Sennefer uses the language of the decolonization movement after World War 2…when Africans began the struggle to govern their own countries.
“It’s a self-determination project. We’re not looking for anyone to do it for us. We come out here and do the work for ourselves. We dig for ourselves and we do for ourselves.”
Detroit’s got 40 square miles of vacant land. D-Town is the largest farm in Detroit. Still just 2 acres. Brightmoor is another neighborhood where people are farming. Gwen Shivers is holding a garden hose. 5 little tots have watering cans.
“I live about 6 houses down. I run a day care. I’ve been over here about 30 years. I’ve been doing this garden for about 3 years. I decided to turn it into an edible plays scape so my kids can have something that they could learn and work on and watch things grow all summer long.”
“More. More,” say the children and Shivers repeats what they say.

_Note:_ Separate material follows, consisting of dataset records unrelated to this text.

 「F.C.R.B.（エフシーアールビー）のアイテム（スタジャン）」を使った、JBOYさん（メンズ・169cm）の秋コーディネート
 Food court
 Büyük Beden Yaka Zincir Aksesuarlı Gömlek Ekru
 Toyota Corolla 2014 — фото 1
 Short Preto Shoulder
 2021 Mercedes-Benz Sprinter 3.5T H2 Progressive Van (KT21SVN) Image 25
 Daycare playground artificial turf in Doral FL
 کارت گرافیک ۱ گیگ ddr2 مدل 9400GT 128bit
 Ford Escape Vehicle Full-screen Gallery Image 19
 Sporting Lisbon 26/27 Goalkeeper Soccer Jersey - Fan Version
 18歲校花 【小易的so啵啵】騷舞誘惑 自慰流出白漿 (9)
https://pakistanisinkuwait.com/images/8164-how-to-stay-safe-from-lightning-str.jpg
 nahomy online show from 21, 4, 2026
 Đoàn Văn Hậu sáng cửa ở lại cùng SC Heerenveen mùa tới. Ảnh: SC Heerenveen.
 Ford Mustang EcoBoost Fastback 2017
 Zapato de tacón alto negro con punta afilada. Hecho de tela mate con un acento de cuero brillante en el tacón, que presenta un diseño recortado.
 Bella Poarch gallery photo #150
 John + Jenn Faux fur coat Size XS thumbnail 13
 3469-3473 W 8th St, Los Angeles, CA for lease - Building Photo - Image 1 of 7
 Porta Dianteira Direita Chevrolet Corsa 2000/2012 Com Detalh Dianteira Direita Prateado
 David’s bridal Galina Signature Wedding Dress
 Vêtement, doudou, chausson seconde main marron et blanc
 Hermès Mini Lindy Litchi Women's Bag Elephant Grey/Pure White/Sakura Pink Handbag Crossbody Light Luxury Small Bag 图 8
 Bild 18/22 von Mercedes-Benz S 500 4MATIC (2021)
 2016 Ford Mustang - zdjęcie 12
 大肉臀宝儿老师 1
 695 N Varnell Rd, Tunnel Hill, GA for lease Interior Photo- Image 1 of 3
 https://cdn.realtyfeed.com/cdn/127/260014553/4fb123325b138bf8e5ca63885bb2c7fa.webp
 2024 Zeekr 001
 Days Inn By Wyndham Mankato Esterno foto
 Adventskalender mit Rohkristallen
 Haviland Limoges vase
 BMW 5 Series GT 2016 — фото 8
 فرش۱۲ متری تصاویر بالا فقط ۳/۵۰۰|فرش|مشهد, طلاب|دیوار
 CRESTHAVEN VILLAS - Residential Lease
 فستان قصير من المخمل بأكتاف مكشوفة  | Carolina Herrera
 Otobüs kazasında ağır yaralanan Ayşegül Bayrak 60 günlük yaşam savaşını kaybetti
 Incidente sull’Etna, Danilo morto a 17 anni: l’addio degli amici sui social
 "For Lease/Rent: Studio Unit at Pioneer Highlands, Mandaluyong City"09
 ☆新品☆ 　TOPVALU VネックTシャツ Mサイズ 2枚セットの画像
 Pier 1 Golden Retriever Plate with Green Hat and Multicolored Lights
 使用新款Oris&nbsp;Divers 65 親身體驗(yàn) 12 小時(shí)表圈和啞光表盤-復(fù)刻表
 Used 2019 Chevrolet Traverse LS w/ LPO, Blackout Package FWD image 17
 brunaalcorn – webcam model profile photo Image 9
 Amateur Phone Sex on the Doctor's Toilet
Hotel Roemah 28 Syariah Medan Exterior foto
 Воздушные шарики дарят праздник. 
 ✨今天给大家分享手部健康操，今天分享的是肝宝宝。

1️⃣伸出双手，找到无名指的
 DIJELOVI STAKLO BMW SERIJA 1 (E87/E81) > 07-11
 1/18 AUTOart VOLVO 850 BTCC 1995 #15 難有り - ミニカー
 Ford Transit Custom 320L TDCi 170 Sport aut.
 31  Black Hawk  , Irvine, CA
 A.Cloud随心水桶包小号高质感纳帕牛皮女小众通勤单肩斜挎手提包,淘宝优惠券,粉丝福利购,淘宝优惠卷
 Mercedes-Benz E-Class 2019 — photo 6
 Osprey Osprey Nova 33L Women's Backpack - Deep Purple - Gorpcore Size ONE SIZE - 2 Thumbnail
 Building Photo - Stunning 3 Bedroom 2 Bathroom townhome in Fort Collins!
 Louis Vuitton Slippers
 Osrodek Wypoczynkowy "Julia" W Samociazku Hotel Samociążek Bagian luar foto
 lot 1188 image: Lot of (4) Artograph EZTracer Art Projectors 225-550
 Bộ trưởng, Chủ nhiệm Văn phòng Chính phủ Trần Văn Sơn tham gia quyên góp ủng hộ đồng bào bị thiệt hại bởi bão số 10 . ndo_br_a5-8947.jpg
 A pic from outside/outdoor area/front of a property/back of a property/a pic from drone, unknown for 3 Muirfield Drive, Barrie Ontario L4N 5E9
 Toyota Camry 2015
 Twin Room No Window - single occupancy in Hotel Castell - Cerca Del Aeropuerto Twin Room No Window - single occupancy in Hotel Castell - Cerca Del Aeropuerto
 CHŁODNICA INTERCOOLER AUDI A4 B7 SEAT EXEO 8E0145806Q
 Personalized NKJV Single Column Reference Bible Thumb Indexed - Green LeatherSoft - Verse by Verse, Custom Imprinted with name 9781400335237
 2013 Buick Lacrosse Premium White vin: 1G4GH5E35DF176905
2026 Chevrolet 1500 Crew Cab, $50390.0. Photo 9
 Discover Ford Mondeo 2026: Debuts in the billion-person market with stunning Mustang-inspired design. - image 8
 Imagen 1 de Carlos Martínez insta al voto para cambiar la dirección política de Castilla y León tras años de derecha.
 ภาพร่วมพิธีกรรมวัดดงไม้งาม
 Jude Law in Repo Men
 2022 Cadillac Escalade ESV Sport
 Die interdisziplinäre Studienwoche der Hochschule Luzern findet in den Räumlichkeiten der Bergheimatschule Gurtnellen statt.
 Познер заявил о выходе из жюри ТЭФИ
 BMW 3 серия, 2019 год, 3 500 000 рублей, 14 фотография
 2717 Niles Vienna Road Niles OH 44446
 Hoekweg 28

“Once you get them started,” she says, “they don’t want to stop.”
I ask a boy why he likes gardening.
“Cuz it’s fun. It’s so much fun.”
Gwen Shivers asks the boy why he’s watering?
The boy says he wants the lettuce and blueberries to grow.
Shivers asks what the kids will do when the crops grow.
“Eat them,” the boy shouts.
“Eat them. That’s right,” says Shivers.
Frank Rochowiak farms in Washtenaw County. He’s been bringing his produce to sell at the Eastern Market for 50 years. So he knows Detroit. But he says:
“These are great projects. But they’re not feeding enough people.”
That’s true. But urban farms serve other purposes. Kathryn Underwood works for the Detroit City Council. She’s writing agriculture policy: setting the rules. Underwood says the people that have been mowing and hoeing empty lots for years should get the first chance to buy them.
“We need to find ways to honor the work that has been done already by these small scale growers and not let the work that they’ve been doing get lost as we look at bigger and sexier projects.”
State Senators Joe Hune and Virgil Smith organized the tour. They’ve asked Michigan’s Attorney General if it’s acceptable for cities bigger than 100,000 to make their own agriculture ordinances. Senator Hune has crops and animals on his farm in rural Livingston County. He says cities should encourage agriculture too.
“The ingenuity, the creativity that these folks had particularly in the Brightmoor neighborhood was exciting to see. Folks are so interested in community development, so interested in seeing some blighted areas turn back into useful areas.”
Senator Smith says urban farmers are good role models for at risk youth:
“There’s an old saying that we have. The streets take you under. The hood takes you under. And so you’re lost for good. So they end up being recruited into a lifestyle that has no positive outcome. So it’s my goal for folks to go in the opposite direction.”
Senator Smith says urban farmers could influence tiny tots and teenagers to get off the streets and onto the farms. Both senators plan to introduce legislation later this year.